=== Source data ===
━━━━━━━━━━━━━━━━━━━━━━━━━━━━━━

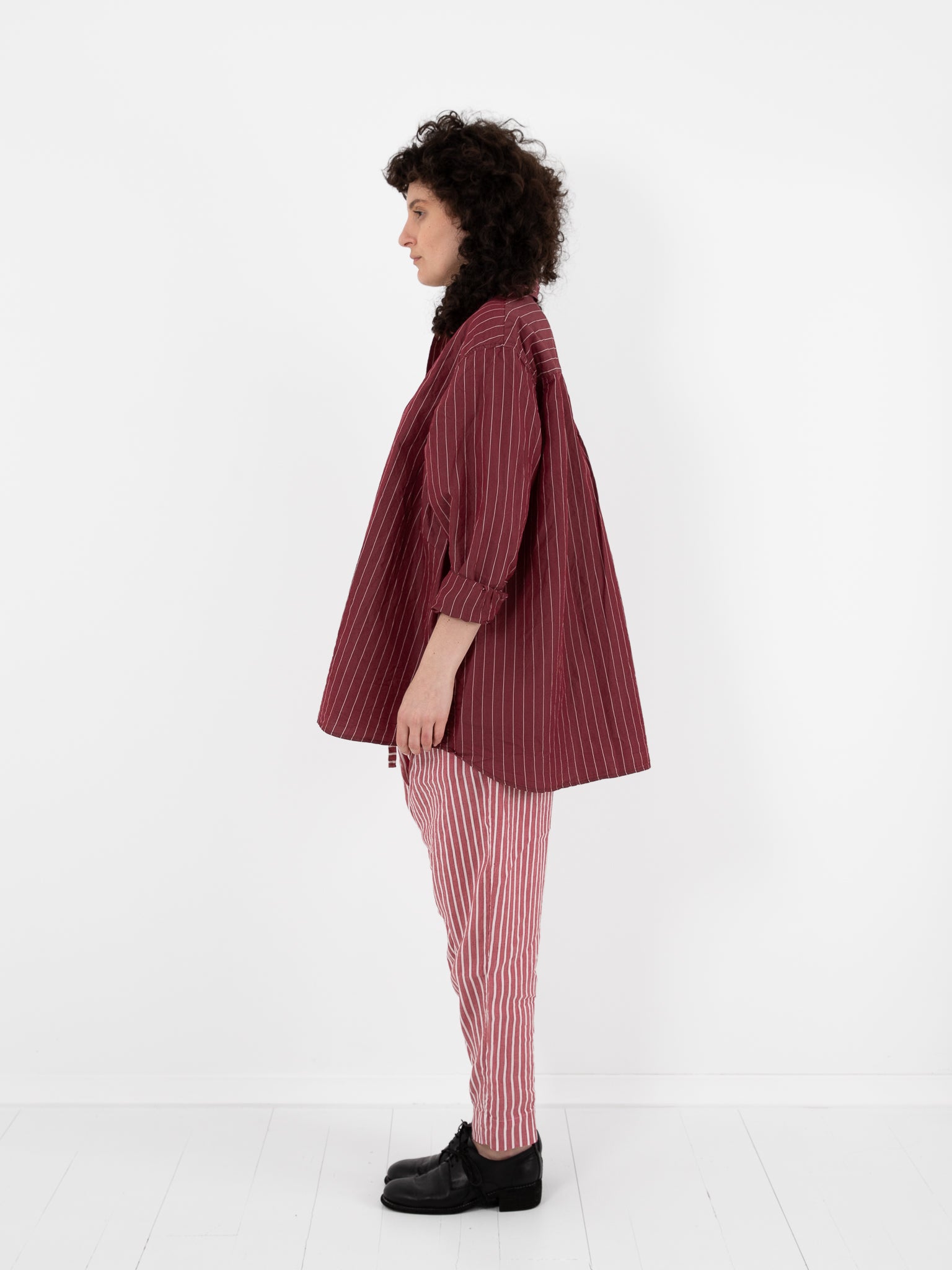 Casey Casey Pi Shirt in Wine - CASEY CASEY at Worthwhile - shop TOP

━━━━━━━━━━━━━━━━━━━━━━━━━━━━━━

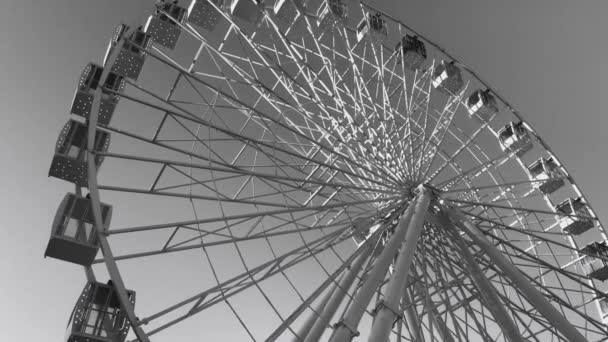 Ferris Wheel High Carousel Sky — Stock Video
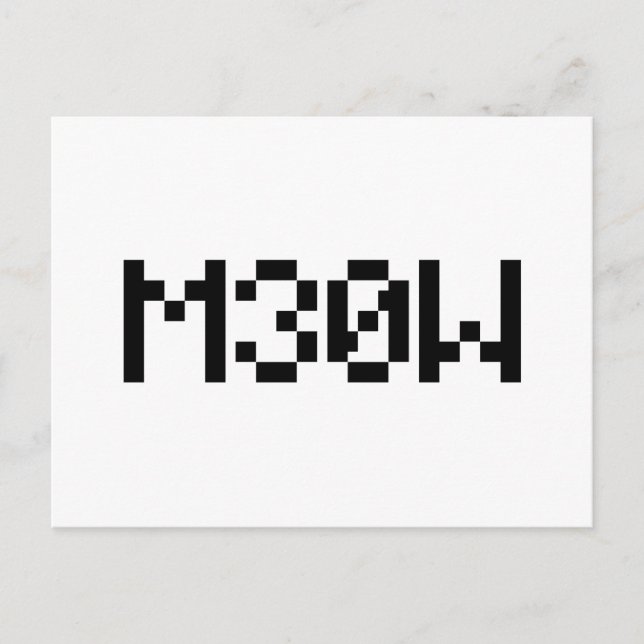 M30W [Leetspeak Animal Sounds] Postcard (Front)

━━━━━━━━━━━━━━━━━━━━━━━━━━━━━━

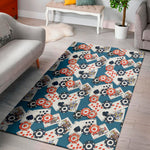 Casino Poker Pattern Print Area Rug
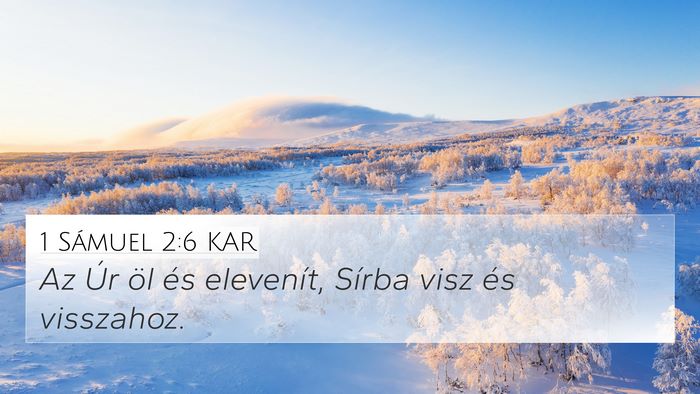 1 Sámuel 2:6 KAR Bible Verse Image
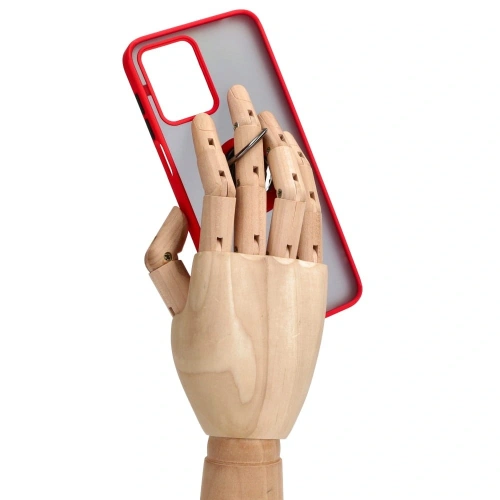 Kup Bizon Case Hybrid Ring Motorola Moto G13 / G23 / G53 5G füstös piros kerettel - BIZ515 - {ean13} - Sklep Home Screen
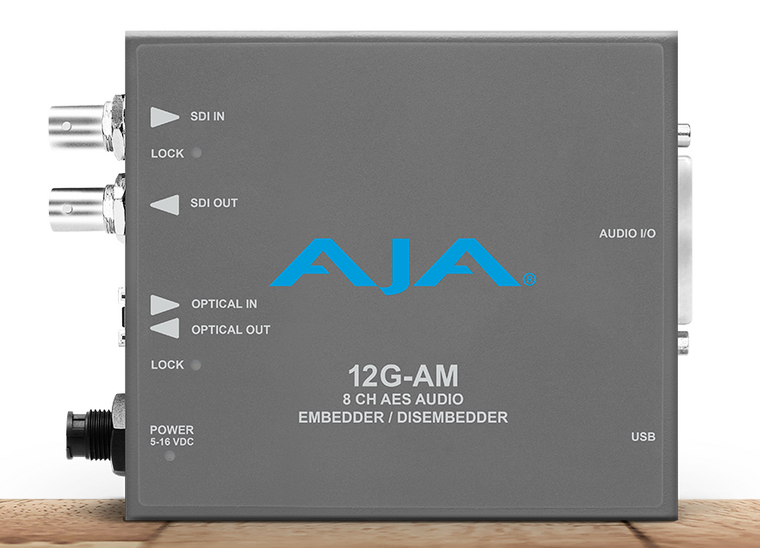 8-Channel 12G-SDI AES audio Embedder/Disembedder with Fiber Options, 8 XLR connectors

━━━━━━━━━━━━━━━━━━━━━━━━━━━━━━

=== Try it ===
Pictures in the entries do not go into the copy. Print only the lines starting at the one containing "Ferris Wheel High Carousel Sky — Stock Video" and ending at the one containing "M30W [Leetspeak Animal", exactly as they appear.

=== Answer to this task ===
 Ferris Wheel High Carousel Sky — Stock Video
 M30W [Leetspeak Animal Sounds] Postcard (Front)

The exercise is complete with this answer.